*EXERCISE REQUIREMENTS:*
Under this line is some data; print exactly the lines from the one containing "水色 葉形状 陶器 花器" through its last line, without pictures.
+===+
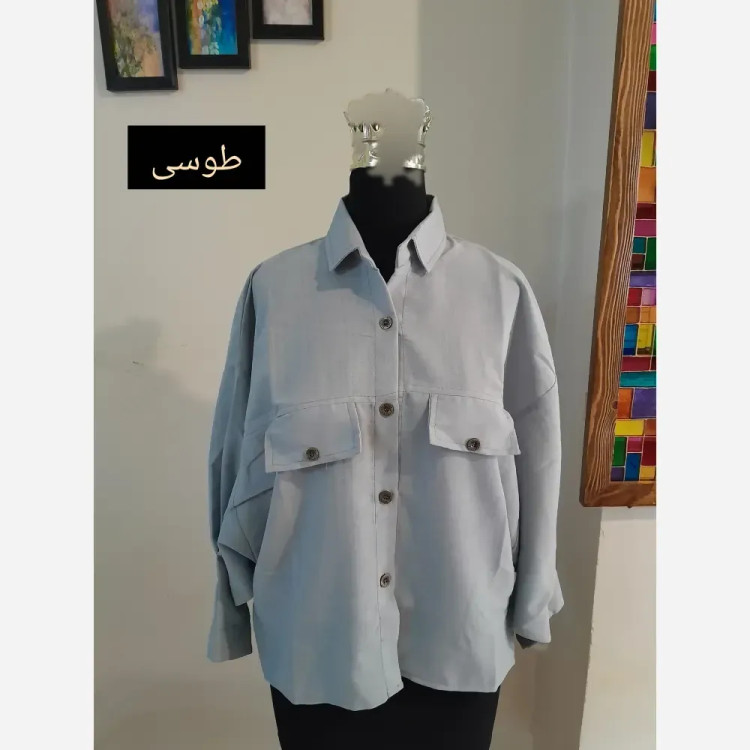 مانتو پانچ اسپرت دانشجویی دو جیب پارچه لینن سایز بزرگ (2)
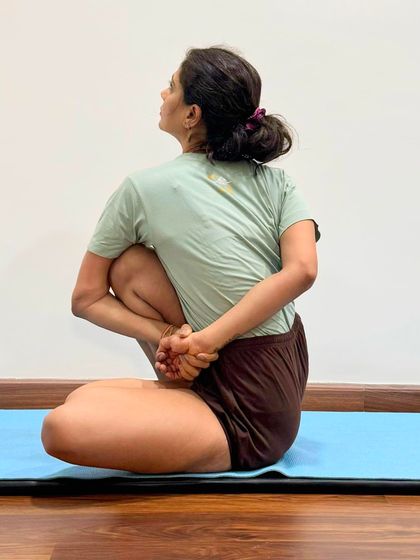 Marichyasana I (Pose Dedicated to the Sage Marichi I). We cannot eliminate stress, but we can learn to deal with it as it arises and not imprint it in the body's systems.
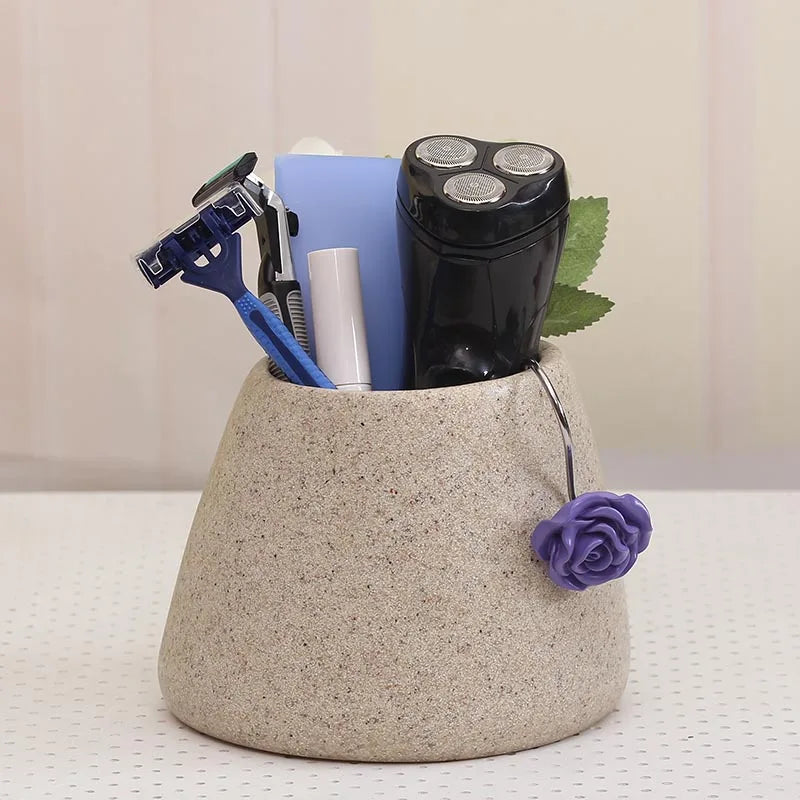 Resin Bathroom Accessories Emulsion Bottle High-grade Wash Gargle Cup Toothbrush Suit Banyo Aksesuarlari Soap Dish Washing set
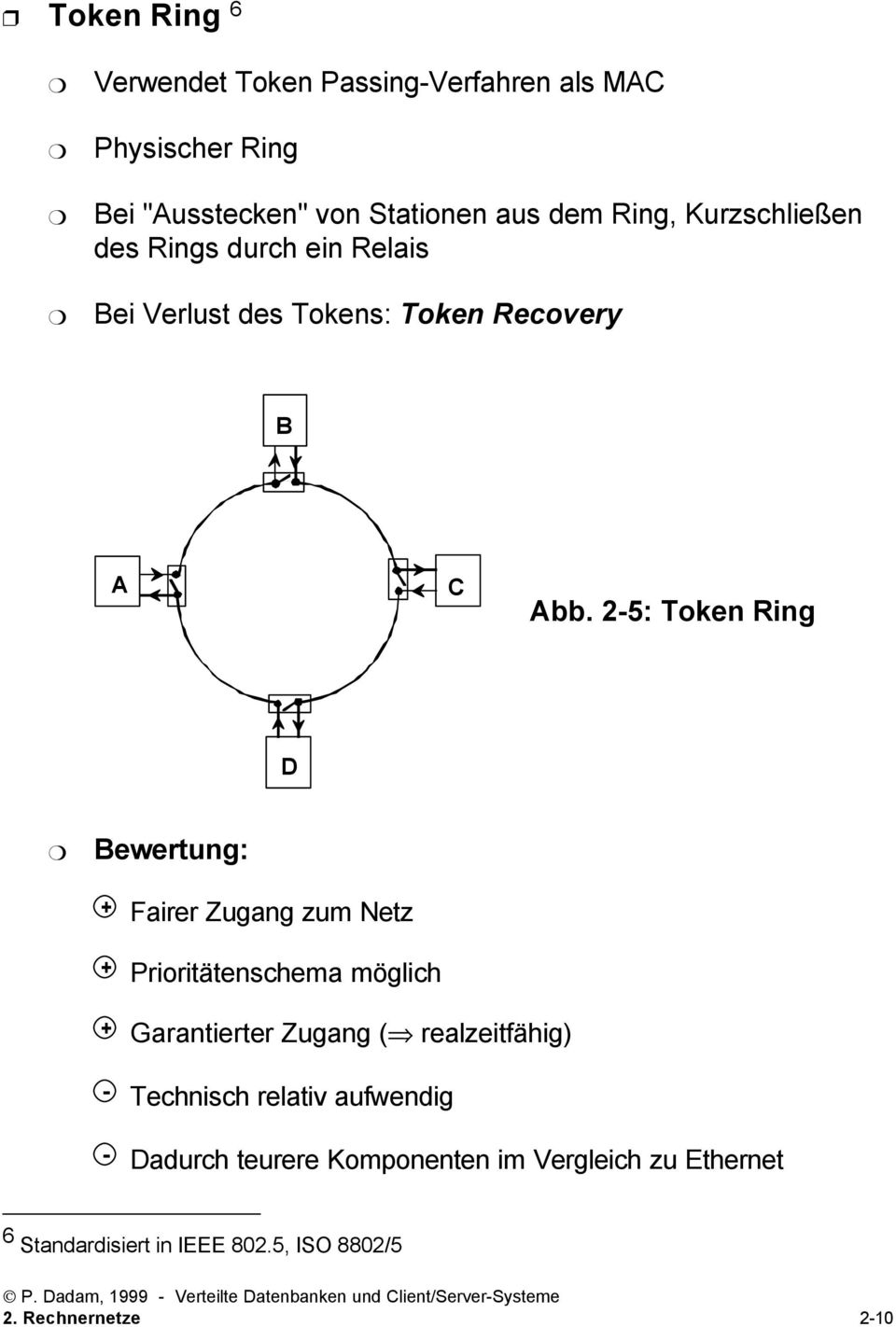 2-5: Token Ring D Bewertung: + Fairer Zugang zum Netz + Prioritätenschema möglich + Garantierter Zugang (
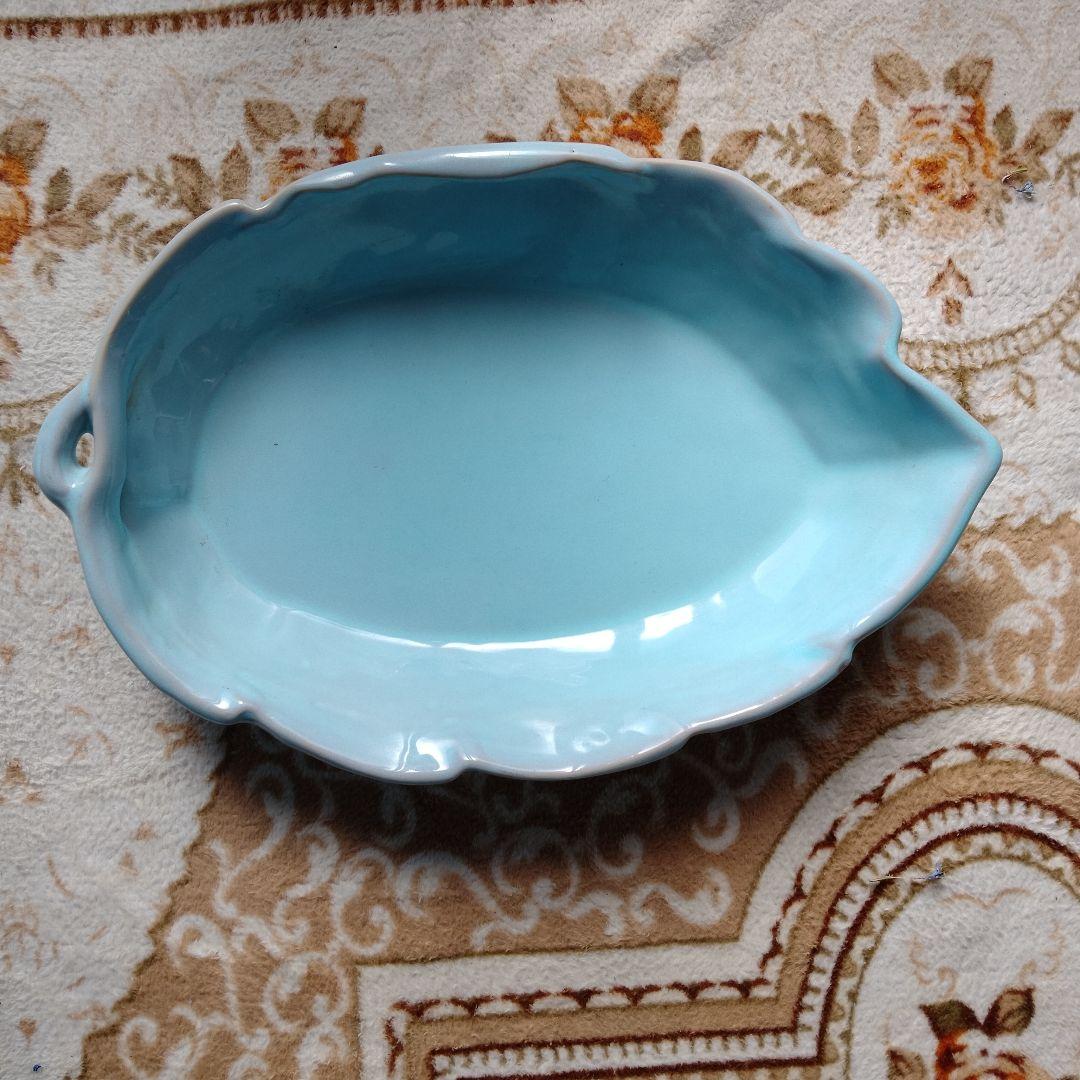 水色 葉形状 陶器 花器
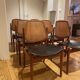 6 Danish chairs in teak, caning and leather, model FD 187 by Arne Vodder.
+===+
*PROBLEM SOLUTION:*
 水色 葉形状 陶器 花器
 6 Danish chairs in teak, caning and leather, model FD 187 by Arne Vodder.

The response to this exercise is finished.